By Marta Hepler Drahos, firstname.lastname@example.org
---- — It's Christmas Day and we're due at the Grayling home of my sisters-in-law at half past noon.
I accidentally sleep in late, having forgotten to set the alarm. My husband is on the phone with a friend in Pakistan, but I can't stop to say Merry Christmas because I have 15 minutes to get ready. I take a quick shower, brush my teeth and throw on some clothes, then cut several strings off the spiral scarf a friend in France made me for Christmas, and which just got caught in my brush.
Meanwhile I hear my husband's shower start downstairs. As he pounds back up to the bedroom, now late himself, I pack a cooler with the peppermint-stick ice cream we're taking for dessert. Like a well-oiled machine, he grabs the cooler and the box of gifts we wrapped the night before and heads to the garage to get the car. My coat and boots are too far away, and besides, I'm wearing a heavy sweater, so I slide my feet into some flats near the front door, snag my purse off the entry table and start down the sidewalk to where the car is now waiting.
As we slip and slide through our neighborhood, hit hard by the snowstorm, my husband remembers he forgot to turn off the coffee machine. Back we go the way we came, pushing our way through the pack of dogs eagerly awaiting us at the front door as if we've been gone for hours. As my husband turns off the coffee, we decide another three minutes won't hurt, and start a cappuccino for me. We pour the drinks into thermal cups, check to make sure both machines are off, and hurry back out to the car.
When we get about as far as we made it the first time, I remember I forgot the printout that goes along with one of the gifts, a tin of coffee from a centuries-old luxury delicatessen food store in Munich known for its exceptional kaffee brand. The tin is its signature coffee, made from beans grown and sun-dried on a fourth-generation family farm in Guatemala that produces Cup of Excellence-winning Antigua coffees. Daunting as the thought of having to explain all this is, I decide not to go back for the printout and we finally make it out onto the main road.
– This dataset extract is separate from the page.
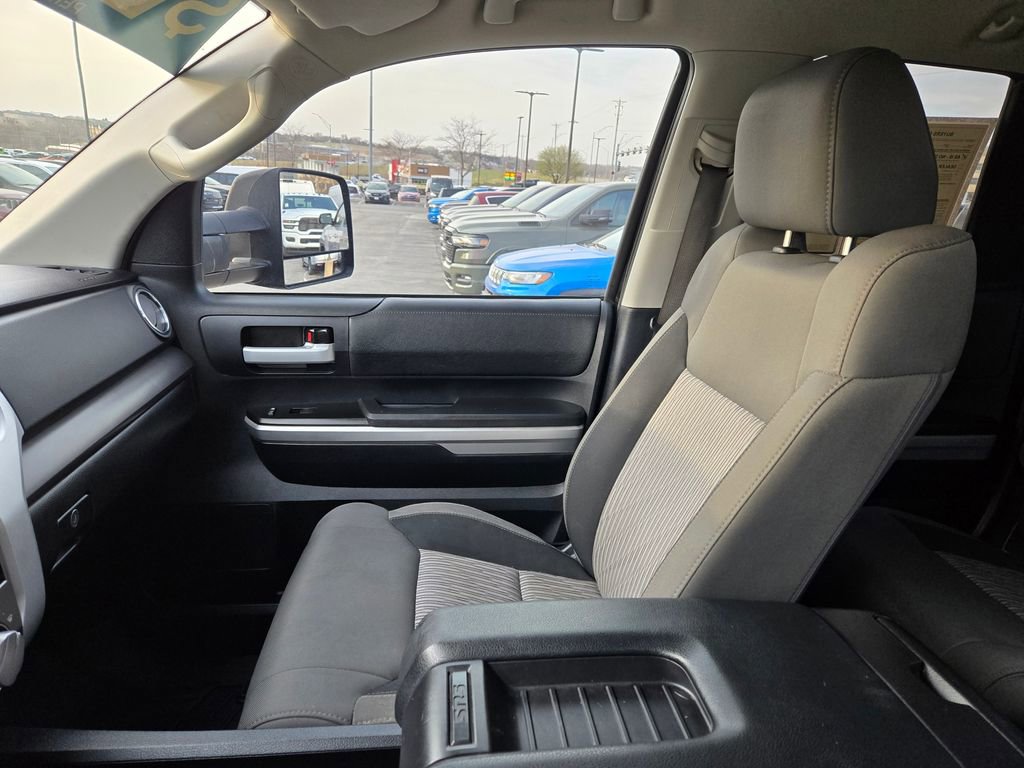 Used 2014 Toyota Tundra SR5 w/ SR5 Upgrade Package image 26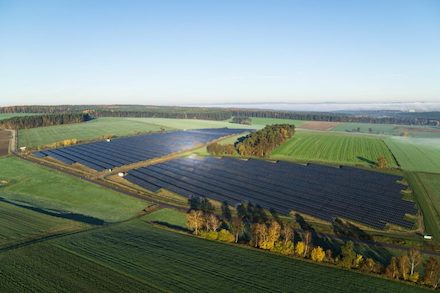 Der Solarpark Altenschwand ist jetzt ans Netz gegangen.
About an hour east, we remember that we forgot to get gas, and we're nearing empty. Since our options are limited on Christmas Day and we still have the return trip home, we find a station that's open and fill up. Ten minutes back on the road, we hear a funny noise.
"I think we have a flat tire," my husband says, as he steers the car to the shoulder. He gets out the flimsy jack and spare, then removes the plastic cargo hold floor to lie on while changing the tire. It's cold, and I've left my coat and boots at home, so I wrap a thick wool blanket around my shoulders and stand outside to direct traffic around us.
Almost immediately, a motorist stops to see if we need help. It's a roofer on his way home to Gaylord after a Christmas Eve visit. Soon we're joined by two others, both on their way to Christmas Day celebrations. They're cheerful and happy to help, and insist on staying until the tire is completely changed. Then, as if in some holiday movie, they wave and call, "Merry Christmas" as they climb back into their cars, though they're late for their own family gatherings.
Yes, Virginia, there really is a Santa.